I did not reply, because when I remembered the look on Josiah Lethbridge's face I felt I could give her no comfort.

Still, Mary's visit did me good. Her simple trustfulness and her devoted love were such a change from the atmosphere at Trecarrel that her presence seemed like a ray of sunshine on a dark day.

After this, days and weeks passed without anything happening which needs recording. We had become used to the war, and while we still read our papers anxiously, there was not the great excitement there had been in its early stages. Our hearts thrilled at the story of the battle of Ypres, especially when, presently, the details of that terrible struggle became known; but the keen excitement and feverish desire to read what had taken place somewhat subsided.

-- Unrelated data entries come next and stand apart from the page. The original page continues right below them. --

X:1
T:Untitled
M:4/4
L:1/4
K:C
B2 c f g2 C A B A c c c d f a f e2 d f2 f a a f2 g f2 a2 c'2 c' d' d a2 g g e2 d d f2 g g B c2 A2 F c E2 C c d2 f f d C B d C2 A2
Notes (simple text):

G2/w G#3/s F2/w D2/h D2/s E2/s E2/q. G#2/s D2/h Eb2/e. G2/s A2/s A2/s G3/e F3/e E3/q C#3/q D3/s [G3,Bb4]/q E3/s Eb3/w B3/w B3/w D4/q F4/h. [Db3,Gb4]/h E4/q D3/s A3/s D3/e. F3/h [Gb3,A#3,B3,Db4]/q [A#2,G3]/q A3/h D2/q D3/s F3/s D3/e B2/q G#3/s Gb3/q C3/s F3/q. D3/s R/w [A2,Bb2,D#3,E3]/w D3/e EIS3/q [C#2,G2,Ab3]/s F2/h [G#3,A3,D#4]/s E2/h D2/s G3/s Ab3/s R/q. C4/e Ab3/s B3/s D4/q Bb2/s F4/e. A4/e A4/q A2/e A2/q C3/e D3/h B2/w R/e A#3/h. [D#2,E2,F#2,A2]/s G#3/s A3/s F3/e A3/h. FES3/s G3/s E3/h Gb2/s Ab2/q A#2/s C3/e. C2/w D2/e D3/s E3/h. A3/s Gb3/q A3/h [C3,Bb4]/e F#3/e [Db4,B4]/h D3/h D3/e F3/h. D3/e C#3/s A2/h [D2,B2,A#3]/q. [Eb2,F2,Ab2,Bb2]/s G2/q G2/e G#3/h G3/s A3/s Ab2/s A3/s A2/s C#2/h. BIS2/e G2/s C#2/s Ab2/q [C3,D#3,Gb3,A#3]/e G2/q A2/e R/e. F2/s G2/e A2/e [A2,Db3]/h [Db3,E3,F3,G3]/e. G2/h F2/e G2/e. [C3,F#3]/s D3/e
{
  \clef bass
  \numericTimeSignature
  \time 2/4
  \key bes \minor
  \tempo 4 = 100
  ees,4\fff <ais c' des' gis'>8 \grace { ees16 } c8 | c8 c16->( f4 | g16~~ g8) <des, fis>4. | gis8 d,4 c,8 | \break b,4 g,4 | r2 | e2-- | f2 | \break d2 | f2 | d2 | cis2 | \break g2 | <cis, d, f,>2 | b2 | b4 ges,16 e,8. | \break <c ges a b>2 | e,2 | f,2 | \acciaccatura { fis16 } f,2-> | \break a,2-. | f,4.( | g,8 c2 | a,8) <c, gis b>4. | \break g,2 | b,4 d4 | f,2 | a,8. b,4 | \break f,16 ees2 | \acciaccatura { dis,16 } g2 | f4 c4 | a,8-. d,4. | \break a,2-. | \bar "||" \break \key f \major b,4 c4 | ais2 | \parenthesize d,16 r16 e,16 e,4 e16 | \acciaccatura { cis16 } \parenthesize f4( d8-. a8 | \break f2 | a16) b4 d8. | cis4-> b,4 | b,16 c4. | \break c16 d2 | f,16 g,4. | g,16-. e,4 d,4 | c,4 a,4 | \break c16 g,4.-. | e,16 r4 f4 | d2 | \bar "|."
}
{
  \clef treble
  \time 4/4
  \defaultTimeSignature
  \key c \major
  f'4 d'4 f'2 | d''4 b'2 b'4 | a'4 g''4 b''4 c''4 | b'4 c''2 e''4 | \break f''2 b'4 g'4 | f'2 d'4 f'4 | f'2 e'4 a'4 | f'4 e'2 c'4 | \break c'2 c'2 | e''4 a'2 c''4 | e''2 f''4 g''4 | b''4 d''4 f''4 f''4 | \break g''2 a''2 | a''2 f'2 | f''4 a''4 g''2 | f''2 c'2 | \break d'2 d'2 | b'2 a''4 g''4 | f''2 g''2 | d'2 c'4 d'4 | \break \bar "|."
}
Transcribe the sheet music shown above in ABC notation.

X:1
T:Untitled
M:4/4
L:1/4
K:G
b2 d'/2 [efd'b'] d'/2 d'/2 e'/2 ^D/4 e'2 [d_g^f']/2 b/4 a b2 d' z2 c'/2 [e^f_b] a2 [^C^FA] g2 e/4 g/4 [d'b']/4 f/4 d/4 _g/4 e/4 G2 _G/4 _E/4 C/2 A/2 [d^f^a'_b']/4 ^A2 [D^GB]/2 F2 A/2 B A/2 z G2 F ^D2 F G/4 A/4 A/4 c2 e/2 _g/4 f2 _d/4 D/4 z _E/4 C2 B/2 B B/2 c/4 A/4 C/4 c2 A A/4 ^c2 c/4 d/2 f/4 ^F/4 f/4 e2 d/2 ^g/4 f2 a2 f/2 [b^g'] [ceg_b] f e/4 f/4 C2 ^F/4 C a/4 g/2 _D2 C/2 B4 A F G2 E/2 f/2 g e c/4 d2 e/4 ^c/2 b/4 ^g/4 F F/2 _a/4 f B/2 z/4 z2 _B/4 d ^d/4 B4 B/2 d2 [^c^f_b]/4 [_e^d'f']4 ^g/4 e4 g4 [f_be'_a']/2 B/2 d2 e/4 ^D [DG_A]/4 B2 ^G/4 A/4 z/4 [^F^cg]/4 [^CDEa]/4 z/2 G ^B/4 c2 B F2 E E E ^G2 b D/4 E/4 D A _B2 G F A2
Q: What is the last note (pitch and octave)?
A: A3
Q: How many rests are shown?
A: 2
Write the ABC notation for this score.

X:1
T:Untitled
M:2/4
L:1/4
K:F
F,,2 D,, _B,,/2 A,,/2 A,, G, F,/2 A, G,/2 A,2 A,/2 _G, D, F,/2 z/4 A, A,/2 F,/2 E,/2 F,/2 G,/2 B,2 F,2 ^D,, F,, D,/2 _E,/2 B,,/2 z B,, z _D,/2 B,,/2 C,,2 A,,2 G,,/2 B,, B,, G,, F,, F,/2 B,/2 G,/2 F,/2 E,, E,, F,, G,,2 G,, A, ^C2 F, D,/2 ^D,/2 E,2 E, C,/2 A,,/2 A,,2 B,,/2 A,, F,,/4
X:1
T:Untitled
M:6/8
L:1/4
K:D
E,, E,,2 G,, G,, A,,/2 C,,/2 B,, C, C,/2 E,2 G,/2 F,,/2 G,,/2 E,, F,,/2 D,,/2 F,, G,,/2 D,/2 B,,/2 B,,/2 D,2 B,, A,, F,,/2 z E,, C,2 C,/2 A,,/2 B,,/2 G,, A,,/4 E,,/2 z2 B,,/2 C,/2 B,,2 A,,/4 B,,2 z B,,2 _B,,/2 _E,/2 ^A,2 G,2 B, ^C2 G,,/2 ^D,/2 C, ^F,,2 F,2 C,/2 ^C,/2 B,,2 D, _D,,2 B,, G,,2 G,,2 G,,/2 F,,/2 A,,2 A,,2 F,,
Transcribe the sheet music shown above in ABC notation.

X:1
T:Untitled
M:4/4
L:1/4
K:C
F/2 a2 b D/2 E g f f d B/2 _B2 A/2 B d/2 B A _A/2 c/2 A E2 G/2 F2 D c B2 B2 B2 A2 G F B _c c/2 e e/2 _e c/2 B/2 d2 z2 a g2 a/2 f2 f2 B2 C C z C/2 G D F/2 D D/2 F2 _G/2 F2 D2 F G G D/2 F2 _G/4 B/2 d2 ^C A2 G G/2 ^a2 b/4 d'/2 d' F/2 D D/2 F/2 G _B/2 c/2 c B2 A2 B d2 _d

Meanwhile, as all the country knows, the spy fever became prevalent. On every hand we heard that agents of the German Secret Information Department covered our country like a plague, and even here, in Cornwall, all sorts of stories were afloat concerning people who were suspected of giving information to Germans. Personally, I paid but little attention to these stories. I did not see how we, situated as we were, away in the extreme end of the country, could be in any way utilized by the enemy. Neither did I see how any one in Cornwall could render them service.

I was soon to be undeceived in this matter, however.

XVII

THE PHANTOM BOATS

It came about in this way. One morning in the early spring of 1915, it was unusually fine. For more than a week the weather had been cold and dismal beyond words, then suddenly, as if by magic, the clouds disappeared, the sun shone brightly, and it seemed like summer.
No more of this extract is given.